Required action |
Transcribe exactly the entries from the "European Commission President" line to the end, both included, minus pictures.

Supplied records |
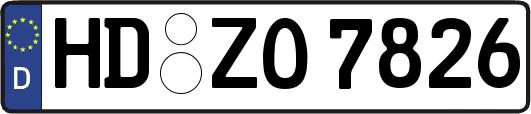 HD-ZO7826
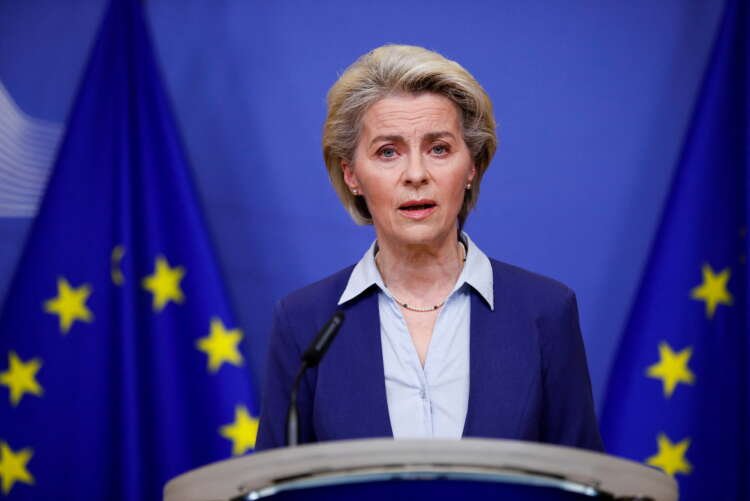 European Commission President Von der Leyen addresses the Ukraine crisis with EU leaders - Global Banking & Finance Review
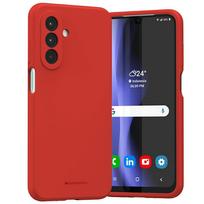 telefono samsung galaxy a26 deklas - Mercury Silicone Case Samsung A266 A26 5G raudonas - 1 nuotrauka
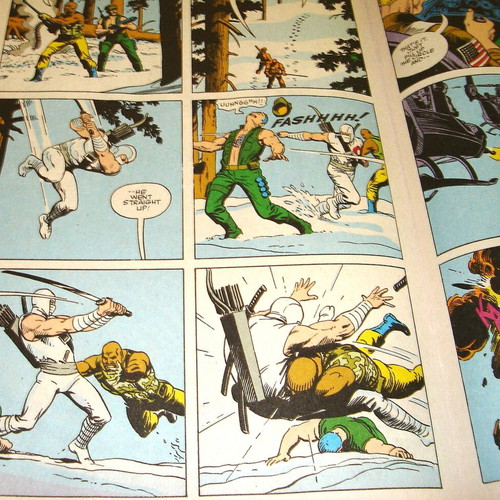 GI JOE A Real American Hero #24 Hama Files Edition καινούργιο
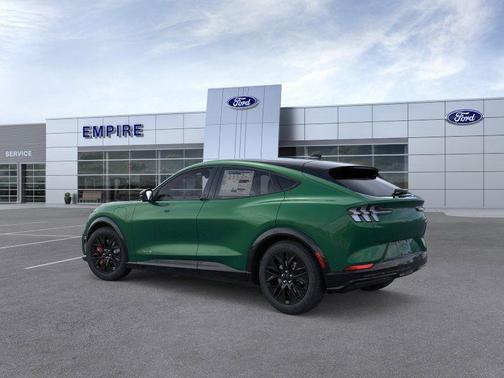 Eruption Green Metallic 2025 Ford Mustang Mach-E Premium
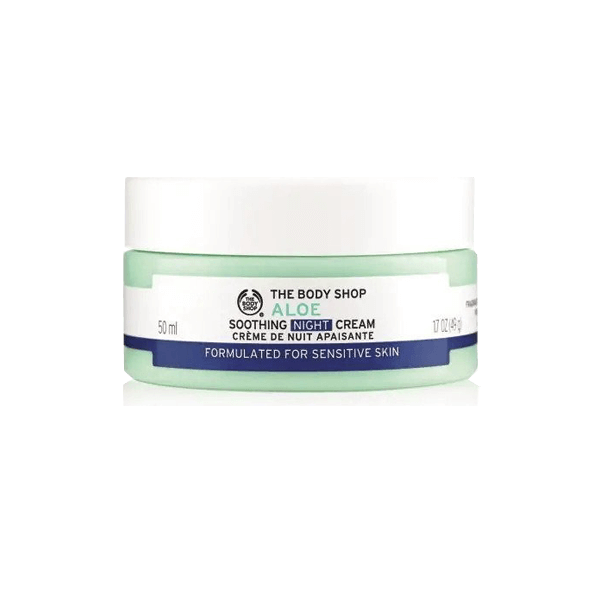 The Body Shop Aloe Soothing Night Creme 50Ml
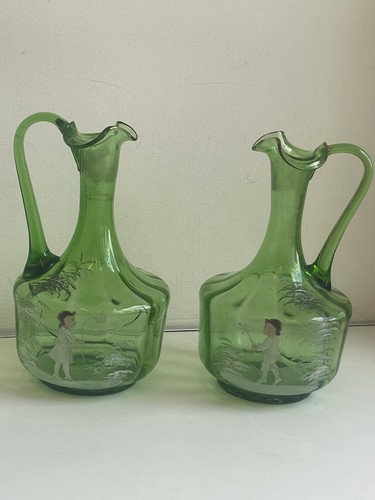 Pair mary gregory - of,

Solution to this task |
 European Commission President Von der Leyen addresses the Ukraine crisis with EU leaders - Global Banking & Finance Review
 telefono samsung galaxy a26 deklas - Mercury Silicone Case Samsung A266 A26 5G raudonas - 1 nuotrauka
 GI JOE A Real American Hero #24 Hama Files Edition καινούργιο
 Eruption Green Metallic 2025 Ford Mustang Mach-E Premium
 The Body Shop Aloe Soothing Night Creme 50Ml
 Pair mary gregory - of,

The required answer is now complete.